== Study material ==
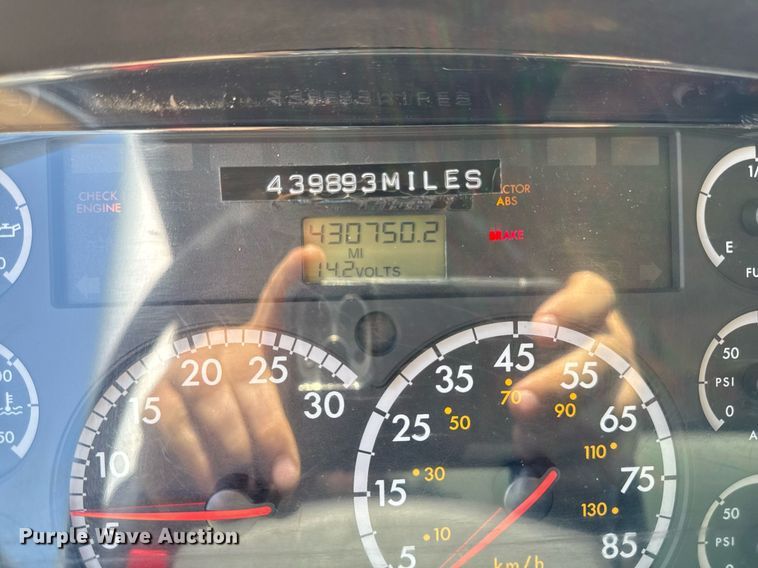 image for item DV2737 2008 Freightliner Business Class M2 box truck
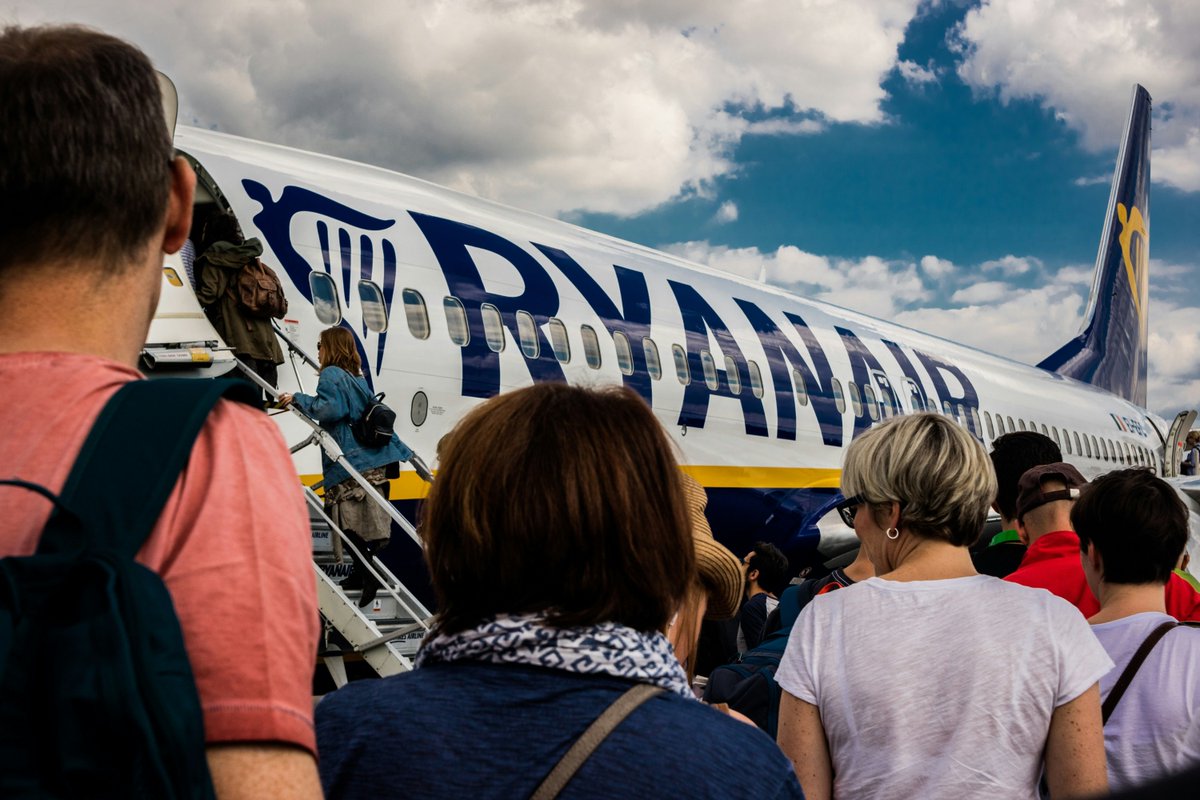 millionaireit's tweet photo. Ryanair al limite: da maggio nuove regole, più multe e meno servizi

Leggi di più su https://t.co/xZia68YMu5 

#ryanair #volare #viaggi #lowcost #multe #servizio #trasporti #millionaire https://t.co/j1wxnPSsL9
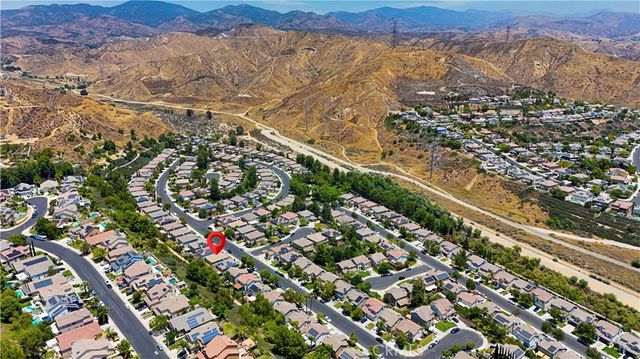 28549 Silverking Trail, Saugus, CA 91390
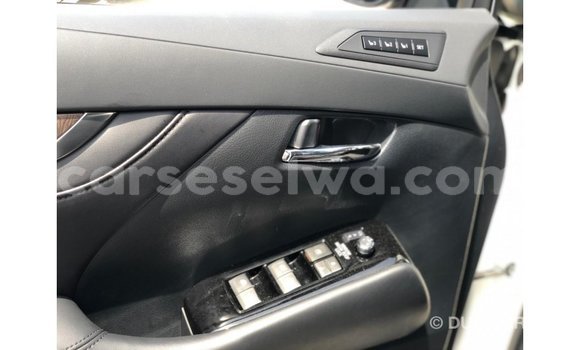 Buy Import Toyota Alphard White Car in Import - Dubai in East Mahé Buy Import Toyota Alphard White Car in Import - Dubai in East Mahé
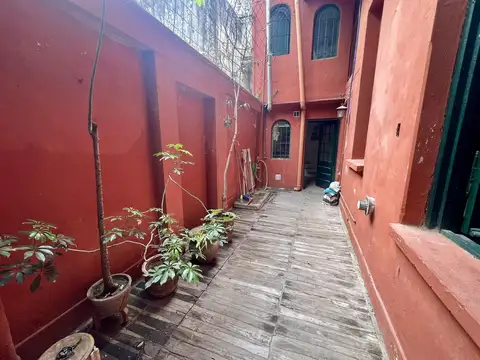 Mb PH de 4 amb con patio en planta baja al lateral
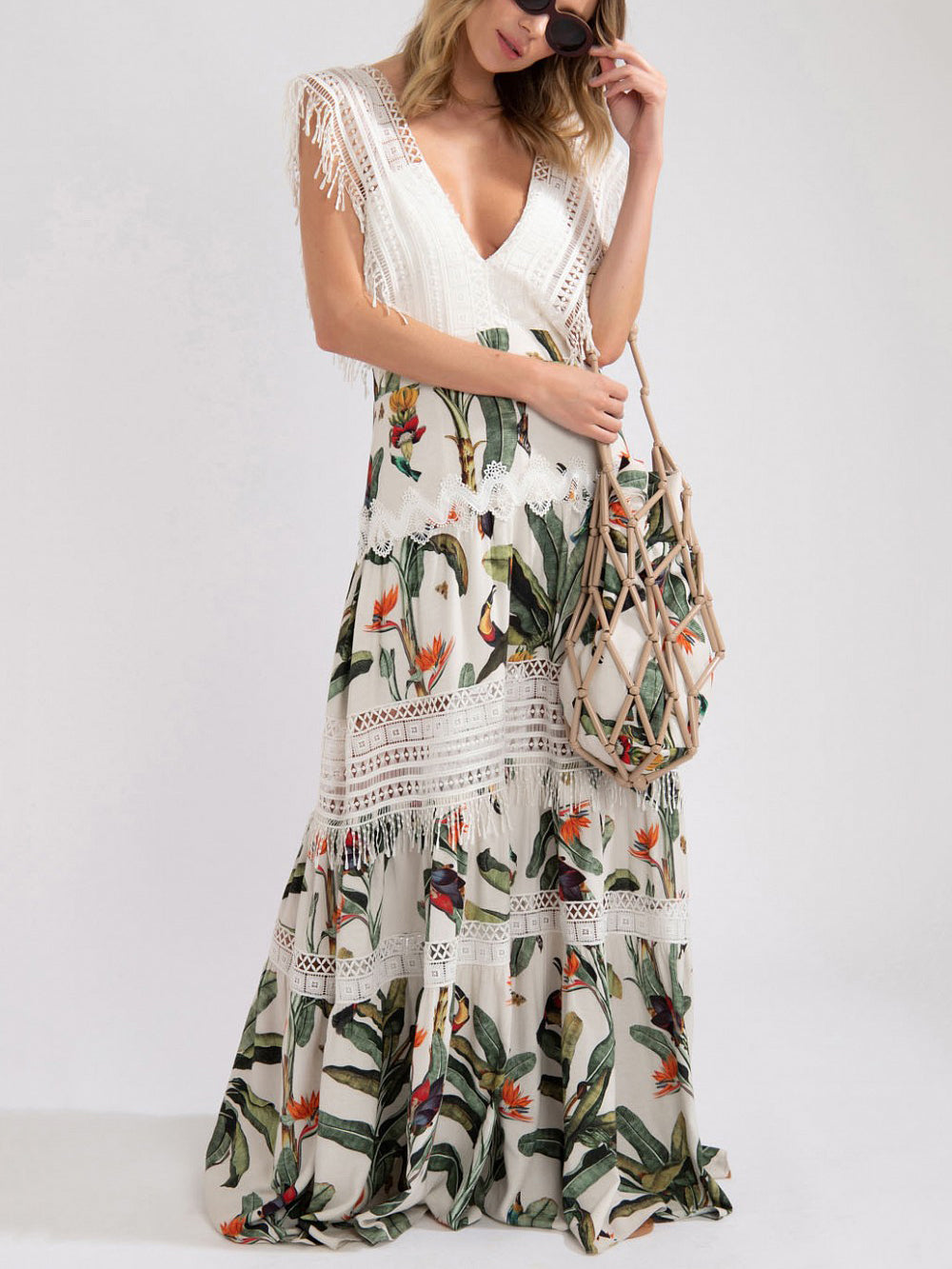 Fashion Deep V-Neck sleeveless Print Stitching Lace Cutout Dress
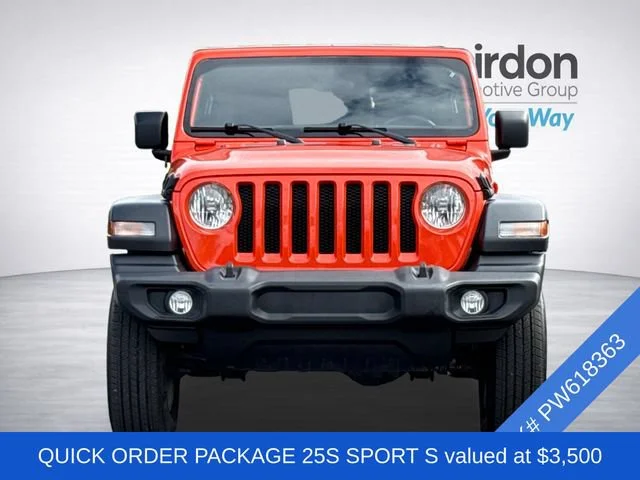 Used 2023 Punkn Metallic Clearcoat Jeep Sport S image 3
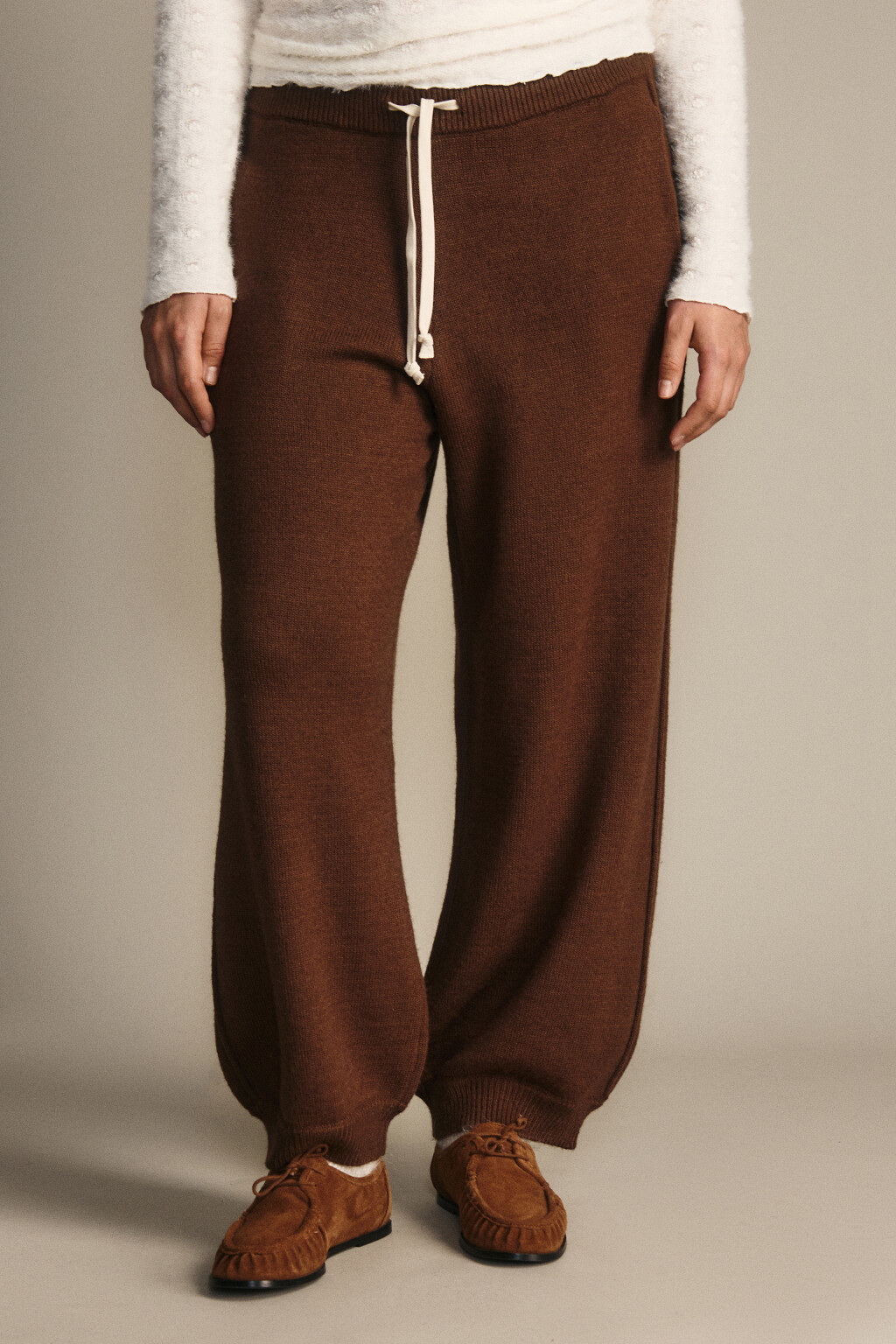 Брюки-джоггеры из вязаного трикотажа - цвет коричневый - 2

== Work to be completed ==
Excluding the pictures, restate the records above word for word.

== Task result ==
 image for item DV2737 2008 Freightliner Business Class M2 box truck
 millionaireit's tweet photo. Ryanair al limite: da maggio nuove regole, più multe e meno servizi

Leggi di più su https://t.co/xZia68YMu5 

#ryanair #volare #viaggi #lowcost #multe #servizio #trasporti #millionaire https://t.co/j1wxnPSsL9
 28549 Silverking Trail, Saugus, CA 91390
 Buy Import Toyota Alphard White Car in Import - Dubai in East Mahé Buy Import Toyota Alphard White Car in Import - Dubai in East Mahé
 Mb PH de 4 amb con patio en planta baja al lateral
 Fashion Deep V-Neck sleeveless Print Stitching Lace Cutout Dress
 Used 2023 Punkn Metallic Clearcoat Jeep Sport S image 3
 Брюки-джоггеры из вязаного трикотажа - цвет коричневый - 2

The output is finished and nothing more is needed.